350.000 créations d'emplois

"Entre 1997 et 2002, on a connu la période pendant laquelle le chômage a le plus baissé", de 10,8% à 7,8%, souligne la rapporteure. "Pendant ces cinq années, insiste-t-elle, il y a eu 2 millions de créations d'emploi. C'est la période où le nombre d'emplois par point de croissance est la plus forte de toute l'histoire", poursuit-elle

Ces bons chiffres coïncidaient avec une période de croissance que la France n'a plus connue depuis. Mais "on ne peut pas attribuer ces bons chiffres à la seule croissance", estime Barbara Romagnan, qui cite un chiffrage de l'Insee évaluant à 350.000 les créations d'emploi liées aux 35 heures. Ces mêmes chiffres avaient d'ailleurs été repris par Emmanuel Macron, le 20 novembre dernier, devant les députés.

La politique "la moins coûteuse" pour l'emploi

Pour Barbara Romagnan, les 35 heures ont été la "moins coûteuse" des politiques en faveur de l'emploi: "2,5 milliards d'euros pour l'administration et 2 milliards d'euros pour les entreprises, soit 12.800 euros par emploi créé".

"Moins cher que les exonérations de cotisations sociales sans conditions", souligne la députée socialiste "frondeuse". Par ailleurs, la mesure a également "favorisé l'égalité hommes-femmes", estime-elle, "en permettant aux pères de jeunes enfants de leur consacrer plus de temps" et "en freinant la progression du temps partiel, qui touche surtout les femmes".

Des salariés oubliés

La députée concède toutefois que "certains salariés n'ont pas bénéficié des 35 heures". Parmi les "oubliés" des 35 heures: les "salariés des entreprises de moins de 20 salariés", les "cadres au forfait-jours", ou encore les "employés des hôpitaux". Parmi eux, beaucoup ont vu leurs conditions de travail "s'intensifier".

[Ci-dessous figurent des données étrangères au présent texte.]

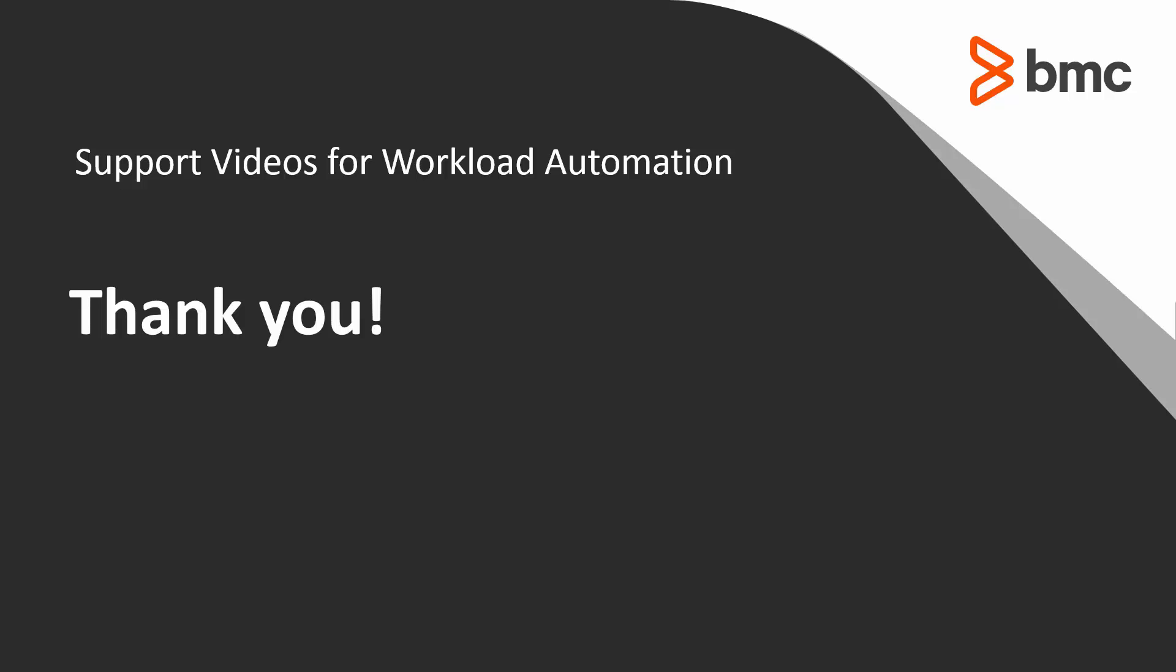Thank you for your time. The Workload Automation Support Team looks forward to helping you should you need our assistance.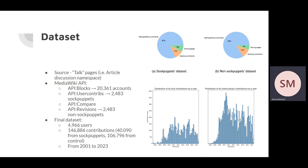Of course, we also needed the control group. For each sockpuppet, a matching non-sockpuppet account that contributed to the same talk page and was active around the same time was found with the help of the API revisions endpoint.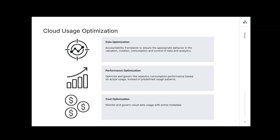We also want optimization — ensuring the right behavior in the consumption, creation, and delivery of data analytics. If you let people do whatever they will, you lose the ability to trust the outcomes. You want analytics consumption to be performance-based on what they're actually using. You don't want predefined patterns that a third-party vendor decided are most important — no one knows your business better than you. You should be able to tune that to get exactly the right outcomes you need without having to reconfigure how you look at your data to fit a predefined model. And lastly, you want cost optimization with active metadata so you can govern cloud usage and get the biggest bang for your buck with cloud resources.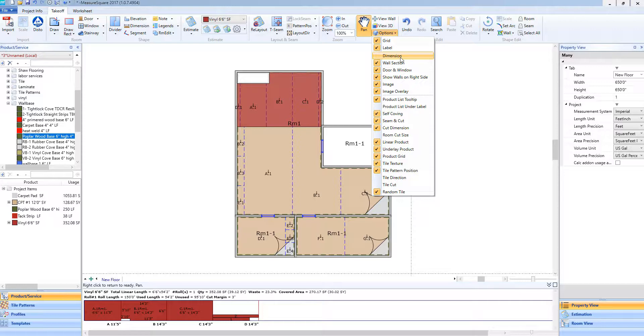Again, these are just view options, so those dimensions are still there, we just cannot see them. So I can select dimensions again, they will appear.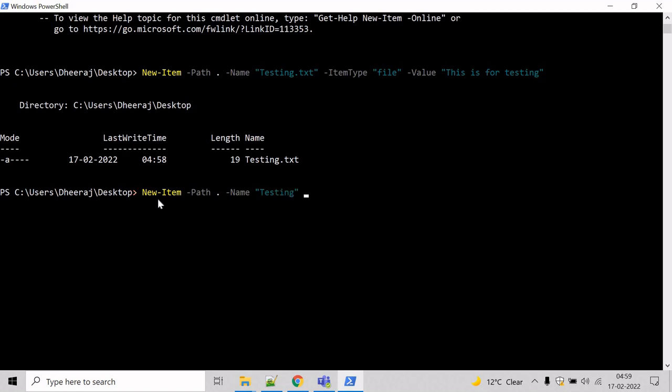And now we have to mention that this is a directory. So we have to define the item type to be directory. Item type, and let it say directory.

Les femmes à temps partiel et les femmes peu qualifiées sans enfants ont été les plus touchées", déplore Barbara Romagnan. Mais "fondamentalement, les 35 heures n'ont fait qu'accentuer des travers qui existaient préalablement dans des secteurs où le temps de travail était déjà très partiel et flexible", affirme-t-elle.

Pour la députée, la réduction du temps de travail reste "une solution" face à la crise actuelle. Mais selon elle, il ne faut plus penser ce type de mesures sur une base quotidienne ou hebdomadaire, comme pour les 35 heures. "Je ne défend pas les 32 heures, assure-t-elle. Je défends plutôt une espèce de compte épargne temps dans lequel on puisse mettre des jours pour les utiliser à d'autres moments de sa vie."